- [GIVEN MATERIAL]
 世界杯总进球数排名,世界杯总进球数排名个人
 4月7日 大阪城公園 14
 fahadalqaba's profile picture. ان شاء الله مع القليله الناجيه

- [EXERCISE]
Extract all of the material exactly as it is written.

- [TASK SOLUTION]
 世界杯总进球数排名,世界杯总进球数排名个人
 4月7日 大阪城公園 14
 fahadalqaba's profile picture. ان شاء الله مع القليله الناجيه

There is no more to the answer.